I now understand some of the “micro-topography” of the ground with which my mother (Lorraine Williams) had to contend later-in-life. When lower limbs reach the point that feet can only be raised just so high, even something such as the extra bit of grass which comes from a yard being only a week overdue for mowing seems to be almost as obstructive to walking as an abandoned, overgrown field.

I have become proficient with the crook of my cane in dealing with many things, closing doors, putting on trousers, lifting plastic Food Lion bags (also Walmart, Dollar General, CVS, etc.).

For the putting on of underwear, though, I prefer my cane to a “grabber,” because of the danger of accidentally grabbing “things” I might not have intended to grab.

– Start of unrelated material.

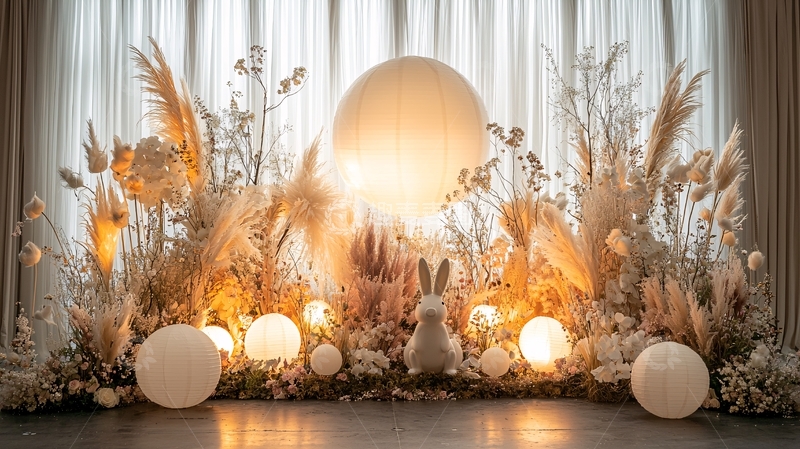 高清大图下载【趣麦麦图】白色兔子和蓬松植物的场景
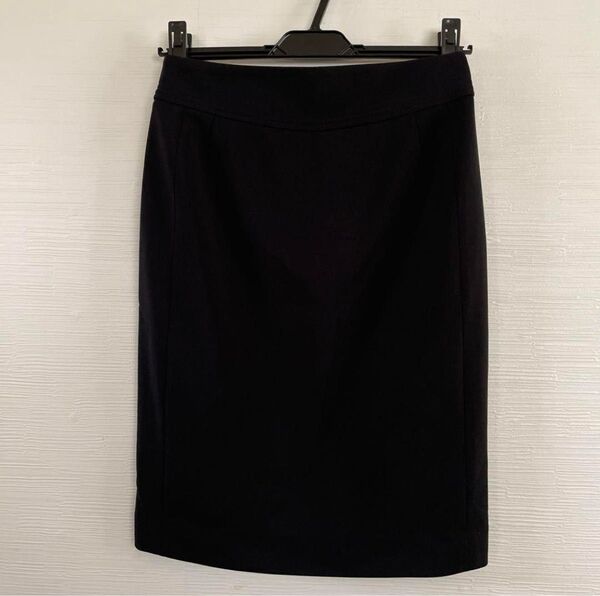 【UNIQLO】ウィメンズ タイトスカート ブラック/58cm ひざ丈 黒 無地 オフィス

But neither cane nor grabber can defend against the random bee or wasp. Not being able to run from them, I must try to stay in their good graces.

Although I have adapted my cane for about the same number of uses which Moses used his staff, the things he did with his staff were a lot “showier.”

The orthopedic doctor let me “play with” a ceramic ball and socket in his office just like the one I’ll be getting. Playing with my implanted one will be called “physical therapy.”

The fluidity of movement of that ball and socket was amazing! One of those “cushiony” squeeze balls sitting on the office desk couldn’t possibly relieve as much stress as they (they’re going to relieve a lot of stress in my hip!).

The other day I had a strange thought connected to my arthritic hip bones (some of you might think “He must have had arthritis all his life,” no, just some strange thoughts now and then).

I saw a man in his thirties jogging and thought if I were only like “The Mummy” (1999) who sort of acted out a morbid version of Johnny Cash’s “One Piece at a Time,” taking parts which he needed from other people until he was “Together Again”(Buck Owens, by the way), that man would go jogging past me and then he would collapse.

At the hospital they would discover his hip bones had disappeared, but wouldn’t guess even for an instant that they were now in place on my skeleton (now that’s a strange thought, and a creepy one too).

On the way into work the other day, I saw a young lady walking down the sidewalk with the most fluid hip motion I’d ever seen and thought: “Wow! She must have been born with ceramic hips!”( I’d like to have more fluidity in my hips, but perhaps not that much).

I’ll get my right hip replaced (7/25/17), then, later on, the left (not on my own accord, rather, prescribed by the orthopaedic doctor).

But it would be great to have most everything replaced and get fitted up with that really neat life-support suit that Anakin Skywalker got!

Or become like Yul Brynner’s character in “Westworld”(1970), (that might be kinda’ fun too).